The Confederation of British Industry (CBI) has warned that the London Stock Exchange could “drift into irrelevance” unless the government introduces bold reforms, including tax incentives for listings and more flexible pay rules for company directors. The call comes amid concerns that UK capital markets are losing ground to global competitors.

The CBI has sounded a stark warning over the future of the UK’s financial markets, urging the government to take immediate action to prevent the London Stock Exchange (LSE) from becoming obsolete. In its latest report, the business body has laid out a 20-point plan to revitalise the City, calling for tax breaks on initial public offerings (IPOs), the removal of stamp duty on share transactions within Individual Savings Accounts (ISAs), and more flexible rules on director remuneration.

Rupert Soames, chair of the CBI, said the proposals were developed in consultation with more than 30 leading UK-listed firms and institutional investors. He emphasised that without significant reforms, the LSE would continue to see major companies and fast-growing start-ups list overseas, especially in the United States, where the regulatory and capital environment is increasingly attractive.

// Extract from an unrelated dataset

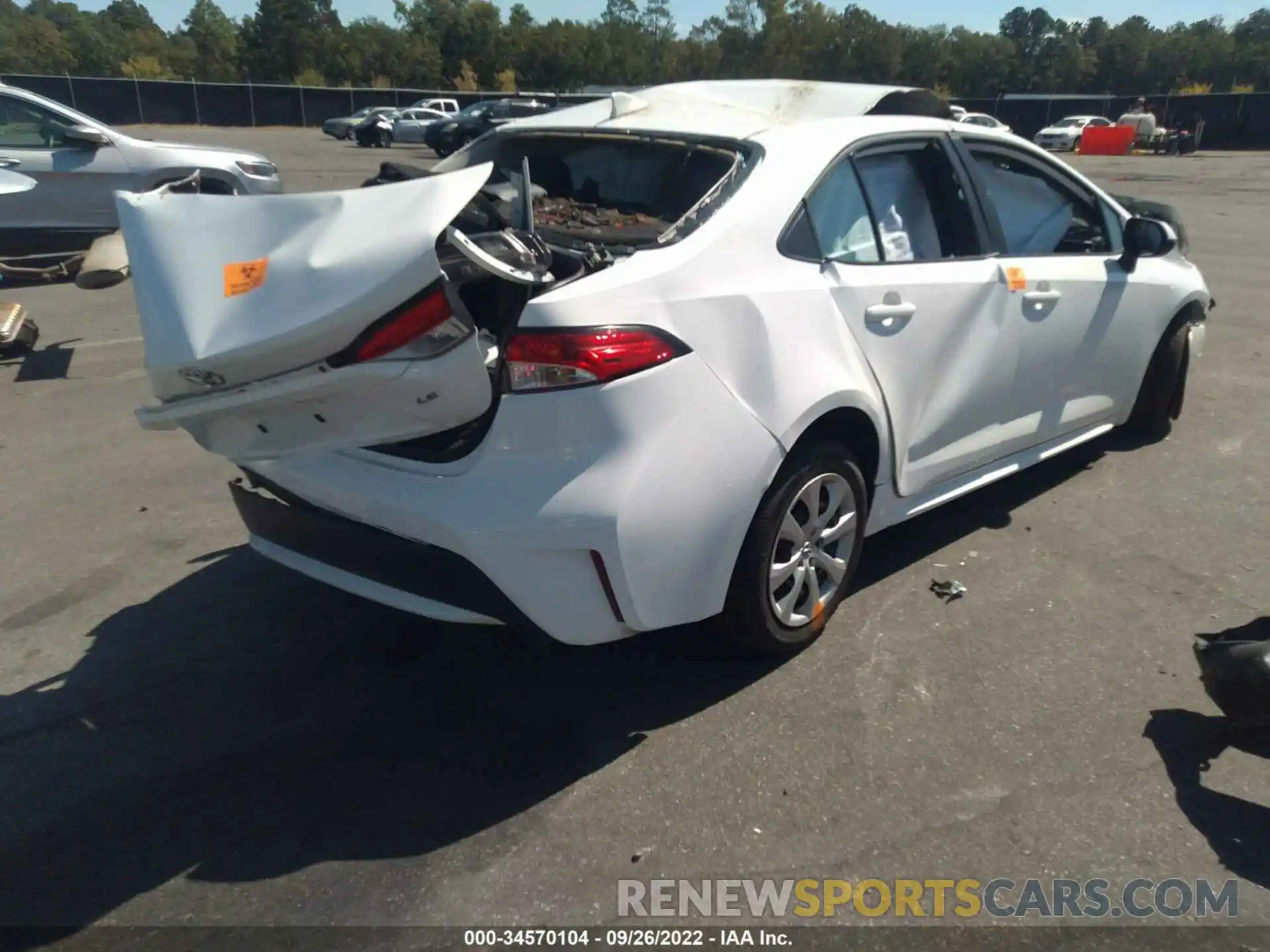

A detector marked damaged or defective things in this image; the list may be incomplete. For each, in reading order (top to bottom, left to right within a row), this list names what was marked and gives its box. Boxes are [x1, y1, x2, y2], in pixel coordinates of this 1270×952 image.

One of the central recommendations is the relaxation of bonus restrictions for non-executive directors. Current UK rules prohibit them from receiving performance-related pay, a constraint the CBI argues has made it difficult to attract and retain high-calibre board members. According to Soames, this inflexible framework contributes to a risk-averse corporate culture that ultimately stifles growth.

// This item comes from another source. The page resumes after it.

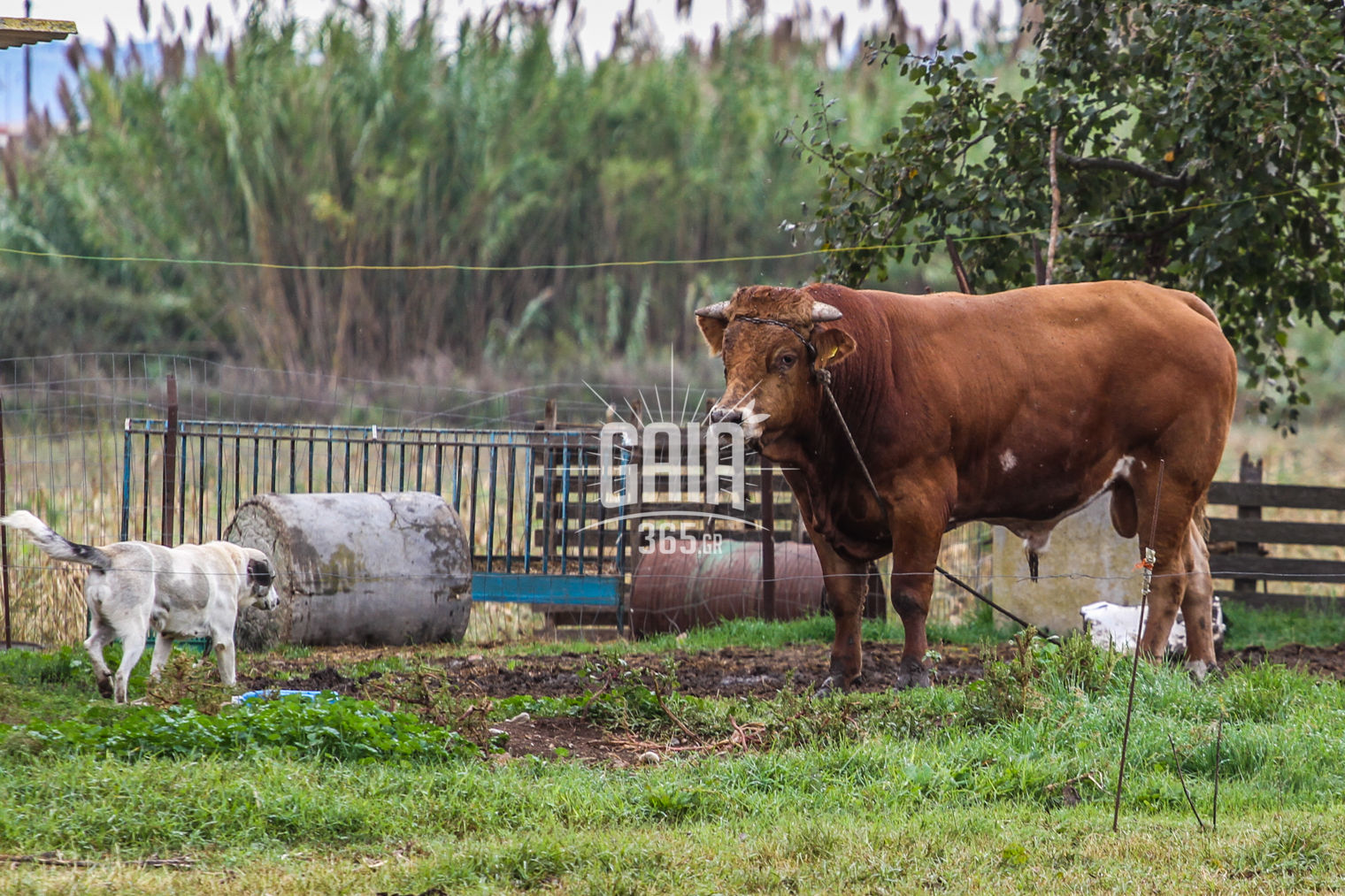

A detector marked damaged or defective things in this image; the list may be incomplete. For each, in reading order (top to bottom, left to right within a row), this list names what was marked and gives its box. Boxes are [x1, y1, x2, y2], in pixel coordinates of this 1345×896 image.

rusty barrel [232, 492, 478, 647]
rusty barrel [626, 538, 825, 637]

The report also targets the steady decline in UK pension fund investment in domestic equities. In 1997, around 46% of pension fund holdings were in UK shares; by 2022, that figure had fallen to just over 4%. The CBI proposes incentives for pension funds to reinvest in British firms to support long-term economic growth and improve market liquidity.

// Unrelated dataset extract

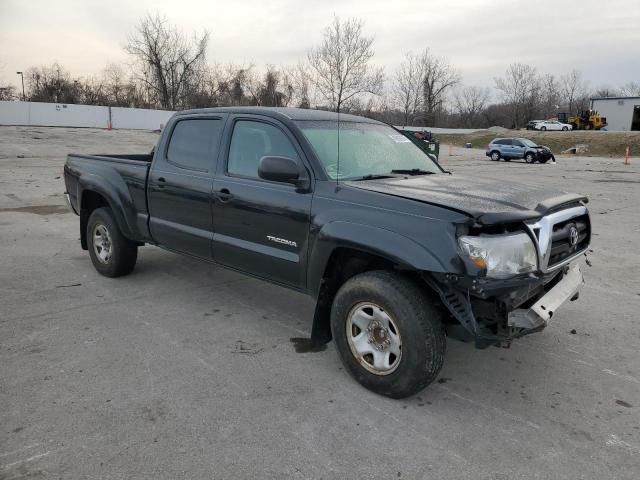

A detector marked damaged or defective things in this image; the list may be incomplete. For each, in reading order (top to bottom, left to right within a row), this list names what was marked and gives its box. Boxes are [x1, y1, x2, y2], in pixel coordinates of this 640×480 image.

exposed wheel well [80, 191, 109, 251]
crumpled hood [348, 173, 588, 224]
exposed wheel well [312, 248, 424, 344]
damaged front bumper [508, 264, 584, 332]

With the Labour government now in power, questions remain over whether the Treasury has the political will to act. Chancellor Rachel Reeves is due to outline the government’s financial services strategy in her upcoming Mansion House speech. However, critics warn that Labour’s historic scepticism towards City incentives and boardroom pay may hinder decisive action.

While Labour claims to support UK business, there is concern in some quarters that rhetoric will not translate into the bold market-led reform the City urgently needs. Without swift and targeted intervention, the UK risks watching its flagship stock exchange lose global relevance, just when economic strength and international confidence are most needed.